# 2012 TT / TTS / TTRS Owners Manual as PDF



## samcoley (Nov 20, 2011)

Hi Everyone

After a lot of looking I have found a fully scanned & OCR'd (so you can search it) version of the 2012 TT / TTS /TTRS Owners Manual.

As I have seen a few people looking for one on this forum I have uploaded to my dropbox so anybody can download it

It was posted by MikeBrWade on the VWVortex forum, link: http://forums.vwvortex.com/showthread.php?5483347-2012-Audi-TTS-Owners-Manual

Note: It is 100Mb so will take a while to download

Cheers,
Sam

EDIT: Direct link to file removed to prevent any copyright issues (Thanks YoungOldUn for your advice)


----------



## TT-driver (Sep 14, 2010)

Brilliant! question was asked many times before and all Audi provided on line was the quick guide to the TT.


----------



## powerplay (Feb 8, 2008)

Good find, thanks!


----------



## Boom (Jan 27, 2012)

Excellent find. Thanks.


----------



## talk-torque (Apr 30, 2008)

The post says it will be taken down in a couple of weeks, but that was last November, so..............!

Great find - very useful.
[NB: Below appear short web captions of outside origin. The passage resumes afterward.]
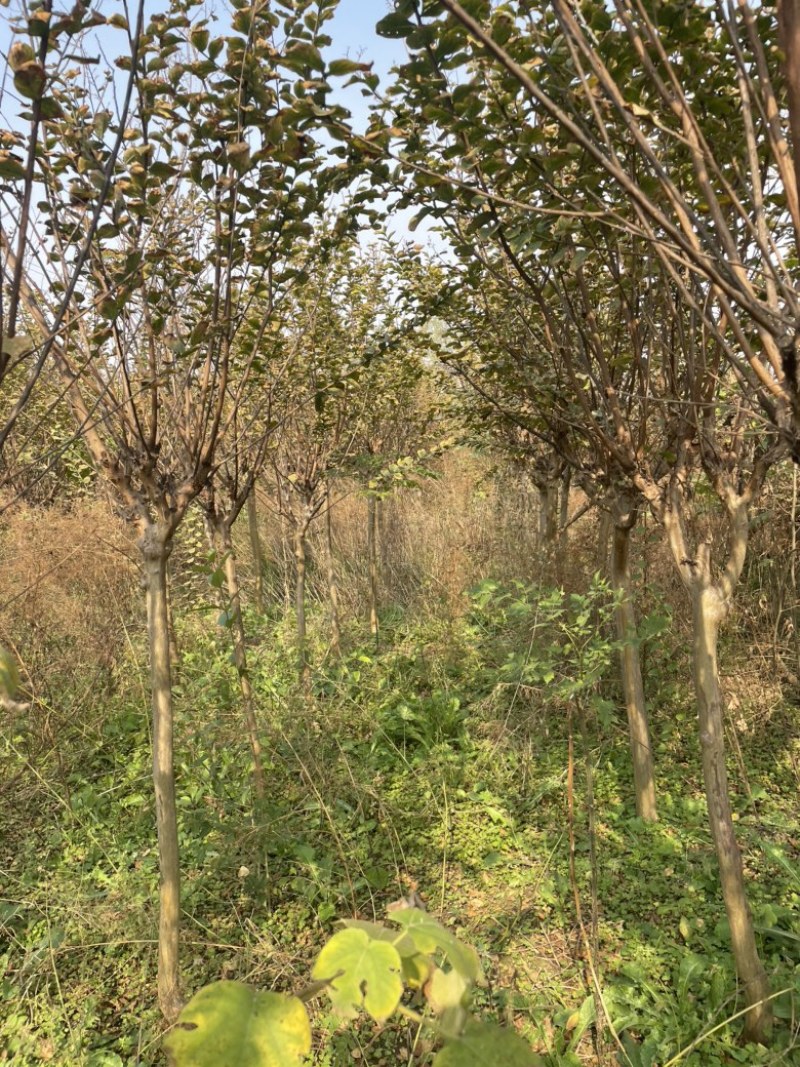 紫薇，百日红,独杆百日红，河南百日红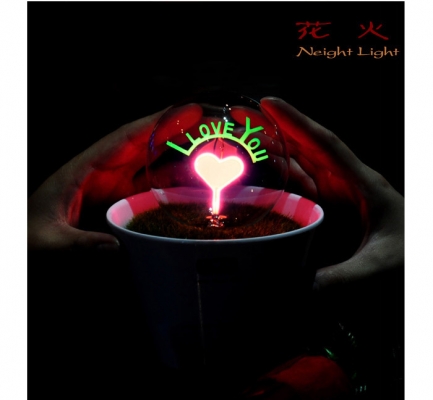 โคมไฟกระถางต้นไม้ I LOVE YOU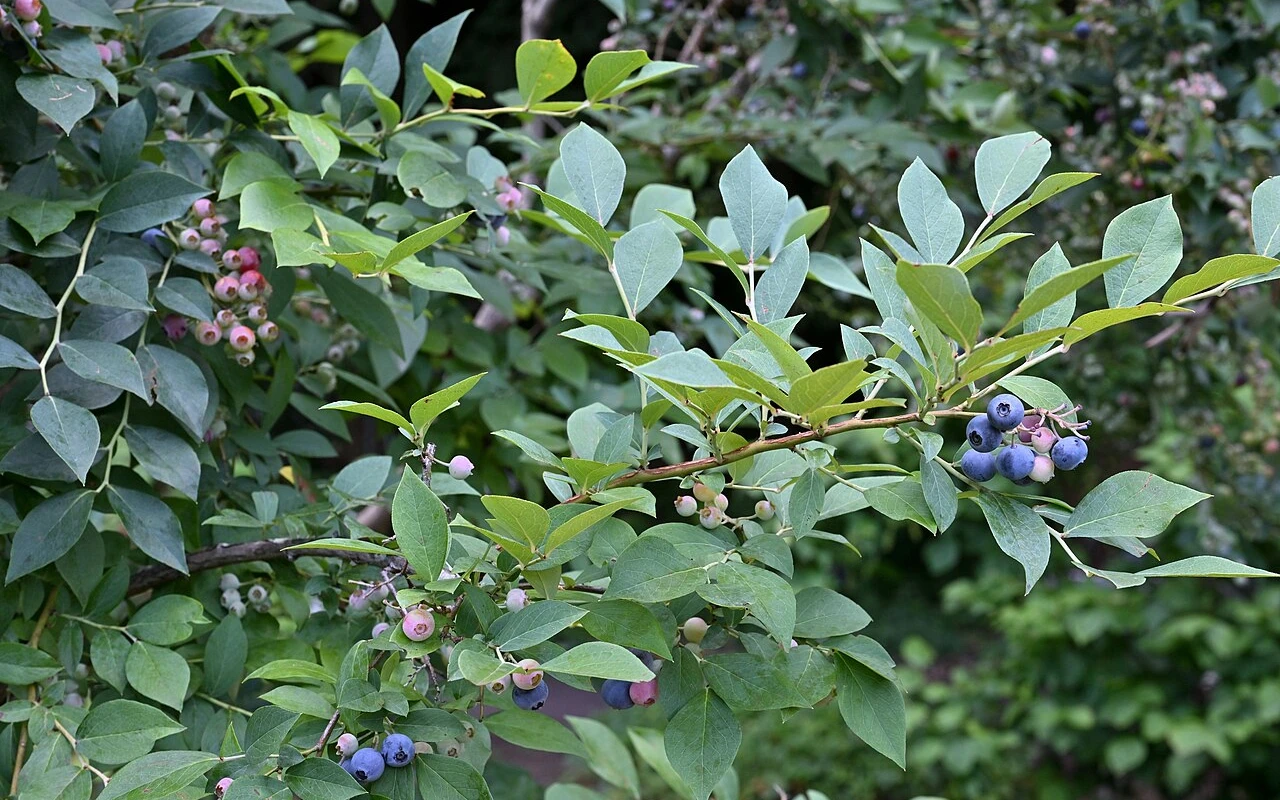 Jak pečovat o kanadskou borůvku po sklizni, aby příští rok plodila jednou tolik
Thanks. [smiley=book2.gif]


----------



## glospete (Feb 1, 2013)

samcoley said:


> Hi Everyone
> 
> After a lot of looking I have found a fully scanned & OCR'd (so you can search it) version of the 2012 TT / TTS /TTRS Owners Manual.
> 
> ...


As I'm a newbee I'm not allowed to PM anyone but I'd like to get a copy of this manual prior to taking delivery of new TT in April. Does anyone have a link I can use please?

Thanks


----------



## moro anis (May 27, 2010)

Can't you just follow the hyperlink and download it? That's all I did.


----------



## glospete (Feb 1, 2013)

The link didn't work when I tried it but now it does so thanks to all who did this. I did such a thing for another car on another forum and I know how long it takes to do!

Sent from my iPad using Tapatalk HD


----------



## glospete (Feb 1, 2013)

samcoley said:


> Hi Everyone
> 
> After a lot of looking I have found a fully scanned & OCR'd (so you can search it) version of the 2012 TT / TTS /TTRS Owners Manual.
> 
> ...


Thanks Sam much appreciated.

Sent from my iPad using Tapatalk HD


----------



## UberJim (Mar 10, 2014)

Thanks will help to pass the 32 days till mine arives lol


----------



## hawkerusa (Apr 21, 2013)

Excellent find! Thanks for the post and link.


----------



## madbkey (Oct 14, 2015)

Awesome - sauce with sprinkles, Mike !


----------



## Sweetz (Sep 17, 2015)

Top man!


----------



## Herman22 (Jun 21, 2014)

Here is a place where You can find almost all different user manuals for the Tt. https://my.audi.com

Sent from my iPhone using Tapatalk


----------